The New Year will bring new fiscal obligations for Cubans, most of whom don’t know firsthand what paying income taxes actually means. Not since 1959, anyway. Starting January 1, a new tax code will come into effect to make Cubans pay a 35 percent tax on their profits.
“The law’s design is based on the need to ensure adequate income to cover the cost of social spending,” said Granma, the official newspaper. “But beyond this basic reality –it adds–, it also took into consideration the need to promote efficiency and a tax-paying consciousness among citizens and enterprises.”
The new code covers 19 taxes, including inheritance, sales, transportation and farm land, as well as several license fees and three contributions, including social security. It replaces two pieces of legislation from the 90s along with some 200 other regulations decreed by the Ministry of Finances and Prices over the years.
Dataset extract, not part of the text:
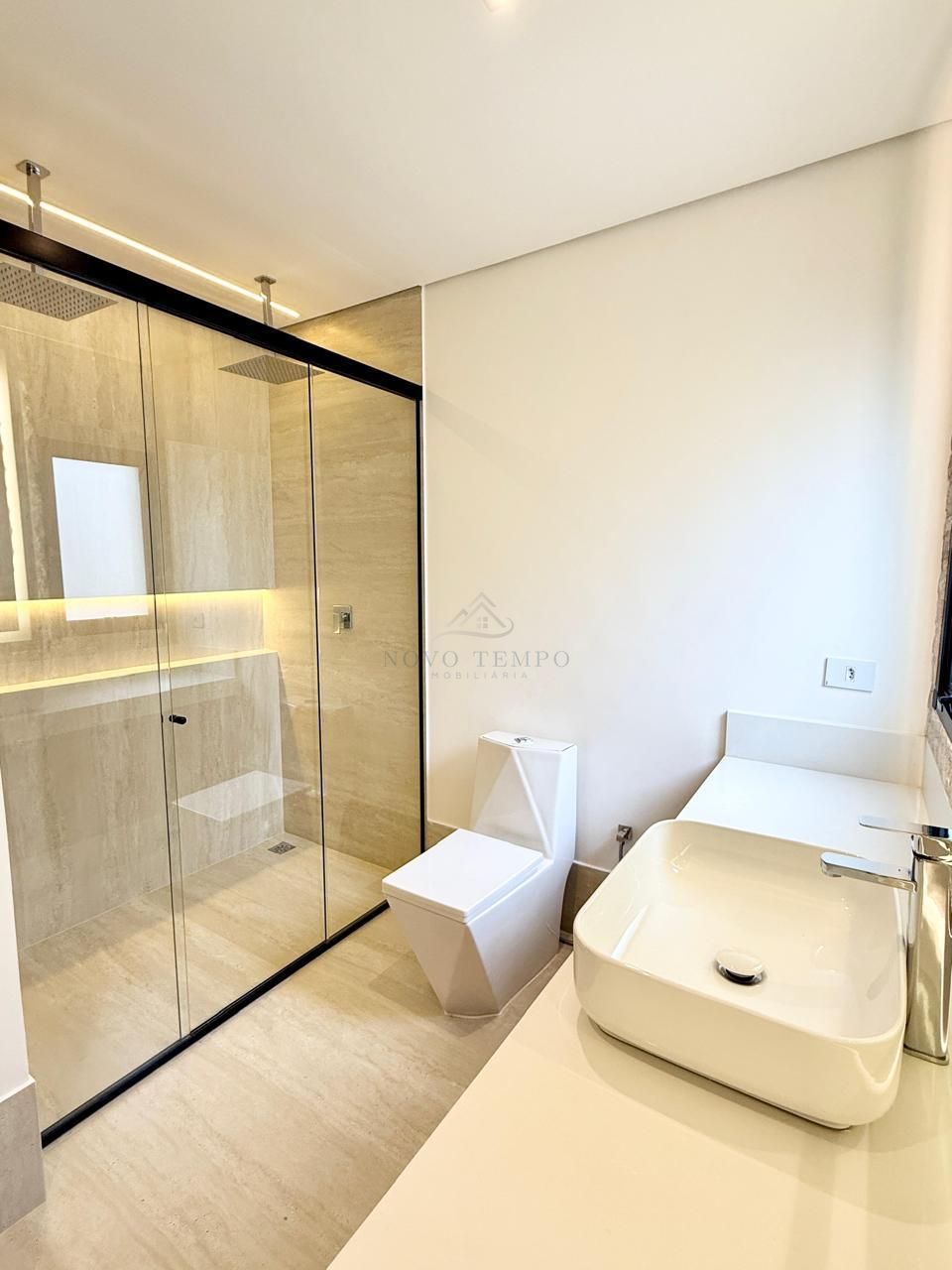 Casa, 4 quartos, 300 m² - Foto 26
Even though the new law keeps the current scale for the self-employed, small businesses and farms -from 15 percent for earnings of more than $400 annually, to 50 percent for earnings of over $2,000, according to Reuters- it adds a series of deductions to stimulate the marketplace.
One of the most novel changes in the new law is the stipulation that the labor tax will be gradually reduced, from an initial rate of 25 percent to 5 percent, over a five-year period. Small businesses with five employees or less are exempt.
Also, the tax burden will be lighter in the agricultural sector, in order to create more favorable financial conditions for both individual producers and larger entities devoted to agricultural production. They will not be required to pay taxes on personal income, property, agricultural land ownership or workforce employment for a two-year period.
Another aspect of the new tax law affecting the agricultural sector is the inclusion of a tax on idle agricultural or forest land. The purpose of this measure is not to raise funds, but rather to discourage the practice of leaving arable land uncultivated, to encourage production.
Under the current system, all state-run companies handed over all their revenues to the government, which then allocated resources to them.
In his report to the National Assembly last July, Council of Ministers Vice President Marino Murillo Jorge described the new tax system as “a tool which contributes to the reduction of inequality among citizens, given its ability to redistribute income.” It was designed, he added, taking into account the taxpayers’ ability to contribute and also the idiosyncrasy of the different regions. “Thus greater taxes are levied on higher incomes,” he added.